Vous êtes tous les deux ténébreux et discrets :
Homme, nul n’a sondé le fond de tes abîmes ;
Ô mer, nul ne connaît tes richesses intimes,
Tant vous êtes jaloux de garder vos secrets !
Et cependant voilà des siècles innombrables
Que vous vous combattez sans pitié ni remord,
Tellement vous aimez le carnage et la mort,
Ô lutteurs éternels, ô frères implacables !
Baudelaire a interrompu le seul voyage qu’il ait jamais fait : il est rentré précipitamment de la Réunion où son beau-père l’avait expédié pour son édification. Il a pourtant écrit plusieurs poèmes sur le thème du voyage, et voici qu’au début de son recueil « les Fleurs du Mal », il nous donne ce texte sur la mer…
Et pourquoi avoir placé celui-ci entre :
- « Bohémiens en voyage », qui nous décrit le voyage libre et éternel vers les « ténèbres futures »,
- « Don Juan aux enfers », qui décrit l’homme, coupable, défait mais orgueilleux, atteindre aux ténèbres des enfers ?

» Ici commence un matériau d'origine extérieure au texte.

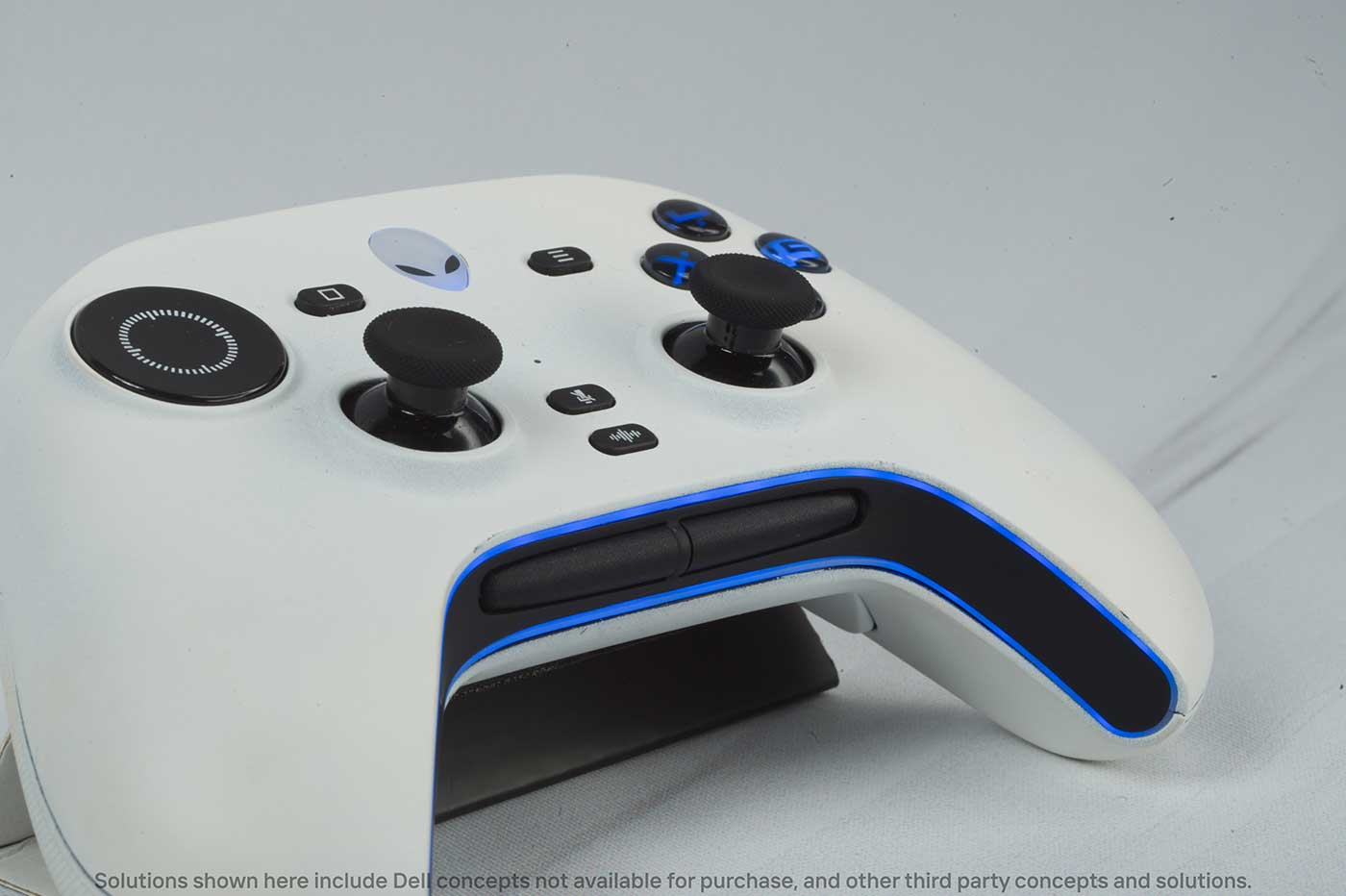 Dell Concept Nyx manette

Comme nous le dit le premier mot du poème, Baudelaire ne nous parle pas réellement de la mer, mais de l’Homme. Il enchaîne immédiatement sur une métaphore : la mer est le miroir de l’homme, et l’homme ne peut s’empêcher de la contempler. L’allitération des « t », qui nous saisit dès les premiers vers est là pour insister sur cette fascination obstinée.
Il s’agit d’abord d’une attirance, ni amoureuse, ni amicale, mais agréable : « tu contemples », « tu te plais », « tu l’embrasses », « ton cœur ». Mais la « plainte indomptable et sauvage » induit naturellement une observation plus fine sur le caractère réel de l’homme et de la mer : « ténébreux et discrets », « fond de tes abîmes », « richesses intimes », « jaloux de garder vos secrets ».
En début de quatrième strophe, le « cependant » introduit une nouvelle rupture : nous découvrons que l’homme et la mer se haïssent : « vous vous combattez sans pitié ni remord », « vous aimez le carnage et la mort », « frères implacables ».
Baudelaire nous décrit donc une relation d’amour et de haine entre l’homme et son miroir, se terminant dans une fusion invivable… La progression de ce rapport est marquée par le passage du « tu » (l’homme) aux « vous » (l’homme et la mer).
Le caractère indissociable des deux protagonistes est souligné grâce à divers procédés :
- La métaphore sur le « miroir »,
- L’embrassement alterné des rimes masculines et féminines, comme le mouvement de deux lutteurs sur le sol.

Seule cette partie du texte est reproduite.